O Sr. Bernardo Cabral (PFL - AM) - Senador Gilberto Mestrinho, em primeiro lugar, quero destacar a grandeza com que V. Exª começou o seu discurso. No Parlamento, nem sempre é comum o reconhecimento dos pronunciamentos dos colegas, sobretudo quando não se detém na análise da densidade do discurso proferido. V. Exª sai desse caminho para registrar - e o faz com absoluta perfeição, porque não torpeça na razão, não confunde a verdade - que dois colegas seus fizeram pronunciamento que merece a sua homenagem. Observe que quando V. Exª refere-se ao conhecimento e à educação, V. Exª diz: o conhecimento objetivo, prático, crítico, próprio de quem é professor. V. Exª foi Deputado Federal e três vezes Governador e continua a ser chamado de professor pela quase unanimidade das pessoas com quem convive. De modo que, já não fosse o sobrenome Mestrinho – e aí o diminutivo não é para apequenar, mas para destacar o mestre –, V. Exª hoje traz para reflexão da Casa, além deste caminho, um assunto sério, que é o desprezo, o descaso e a absoluta falta de sensibilidade que nós todos, brasileiros – e aí a culpa também deve ser de cada um de nós –, temos com o registro das nossas patentes. A comparação com a Coréia, que é um país cuja dimensão territorial V. Exª assinala de vez em quando neste plenário, dá bem a medida do seu discurso. Peço que V. Exª não repare tê-lo interrompido, mas gostaria de registrar os meus cumprimentos ao pronunciamento de V. Exª.  

O SR. GILBERTO MESTRINHO (PMDB - AM) - A generosidade das palavras de V. Exª, nobre Senador, enriqueceram o meu pronunciamento e dele passam a fazer parte, com muito prazer.  

Por outro lado, o eminente Senador Carlos Patrocínio abordou a questão do agribusiness, como estão denominando a atividade econômica ligada ao campo. E o fez chamando a atenção para o tratamento que é dado à produção rural brasileira, para as dificuldades da sua inserção nos mercados internacionais e a política protecionista que os demais países dão à sua produção agroindustrial.  

Tem razão o nobre Senador pelo progressista Estado de Tocantins. Todos sabemos da saga que enfrentam no Brasil aqueles que se dedicam à atividade no campo. Internamente, isto é, dentro de nossas fronteiras, a luta é imensa: dificuldades de financiamento, taxas de juros cumulativas, precária rede de transportes, custo da atividade portuária, inadequadas leis ambientais, sem falar no preço dos insumos agrícolas e nos impostos asfixiantes.  
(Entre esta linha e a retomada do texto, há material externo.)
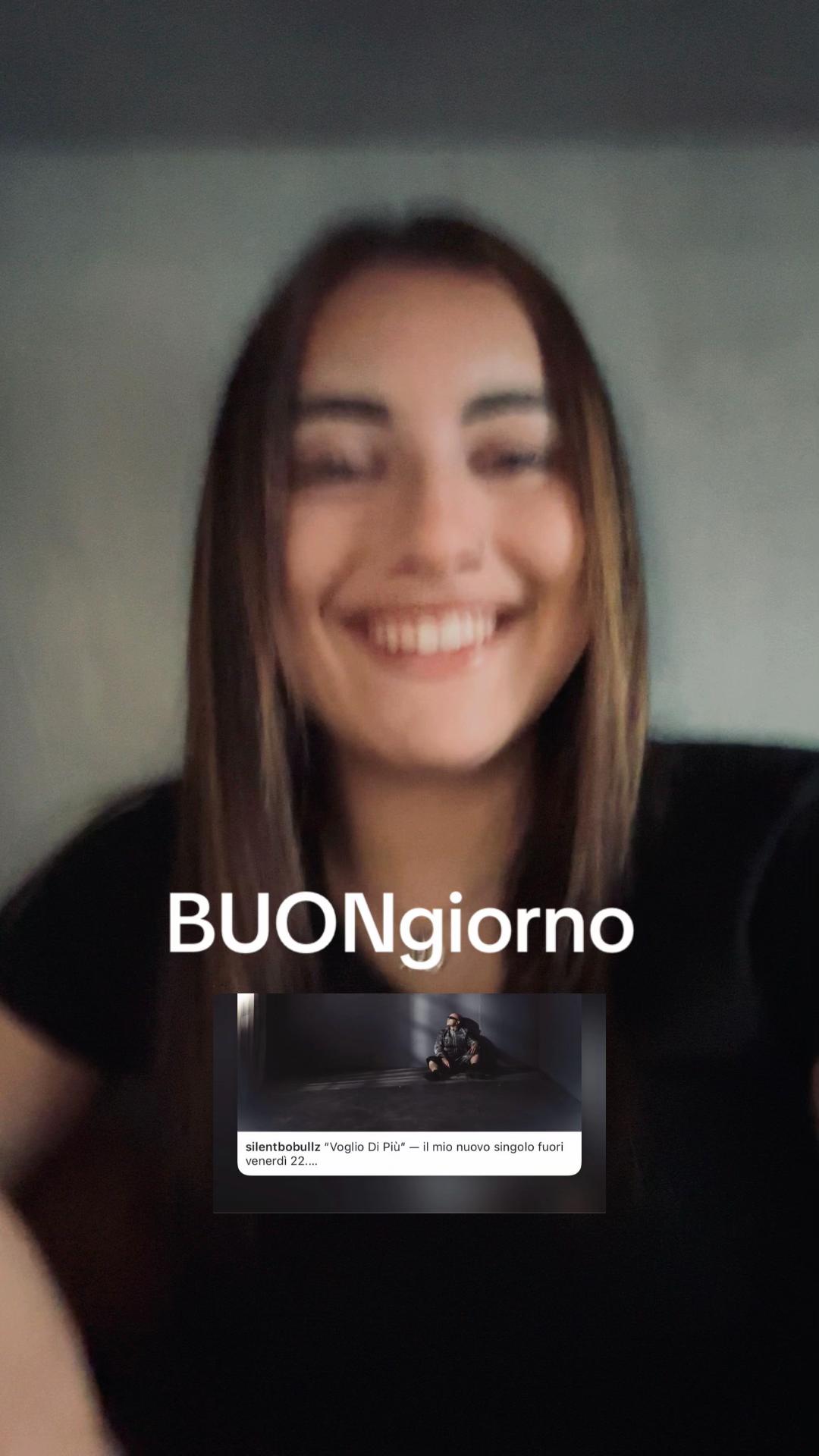 @martiispam💋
E por falar em insumos, adubos, defensivos, etc, cujos preços são baseados no dólar, que quase duplicou neste ano, ainda tivemos o problema da queda absurda – de mais de 30% – nas cotações das commodities nos mercados internacionais. Mesmo assim, foi a produção do campo que evitou um desastroso déficit na balança comercial no primeiro semestre. Os produtos agrícolas foram a grande alavanca, o sustentáculo do balanço de pagamentos no primeiro semestre.  

Do lado externo, além da queda de preços, a atividade enfrenta dificuldades com barreiras tarifárias protecionistas, elevados subsídios financeiros que os países desenvolvidos dão aos seus produtores, especialmente na Comunidade Econômica Européia, nos Estados Unidos, no Japão e, recentemente, até na China.  

No momento, nós poderíamos estar vivendo um alento, pois os preços do café e do açúcar, por exemplo, melhoraram no último trimestre. Os preços de outras commodities também estão melhorando no mercado externo. No entanto, passou a época de plantar, as safras estão montadas e foram até reduzidas este ano. E nós não poderemos obter maiores benefícios da melhoria de preços no mercado internacional.  

Mas a preocupação maior expressada pelo Senador Carlos Patrocínio é com as decisões a serem tomadas em Seattle, na Rodada do Milênio, que será realizada agora. Os países produtores de commodities, especialmente os integrantes da Comunidade Econômica Européia, mostram pouco interesse na reunião porque resistem em discutir a questão dos subsídios governamentais. Esses países adotam subsídios elevadíssimos para os produtos agropastoris, tendo como parâmetro os subsídios concedidos na França, com o objetivo não só de estimular a permanência do homem no campo, mas de manter marcado onde começa e onde termina cada cidade. Quem anda pela Europa de automóvel percebe isso bem.  

Com a política de subsídio, eles mantêm o homem no campo, para evitar aquilo que Ignacy Sachs chama de "refugiados do campo", isto é, as populações que, sem atividade econômica rentábil, migram para a periferia das cidades em busca de sobrevivência e favelizam as periferias por não conseguirem inserção no mercado de trabalho, como tem acontecido diariamente nas cidades brasileiras. E isso acontece por duas razões: primeiro, pela falta de qualificação técnica – a pequena qualificação para o trabalho na cidade; e, segundo, porque não há emprego.  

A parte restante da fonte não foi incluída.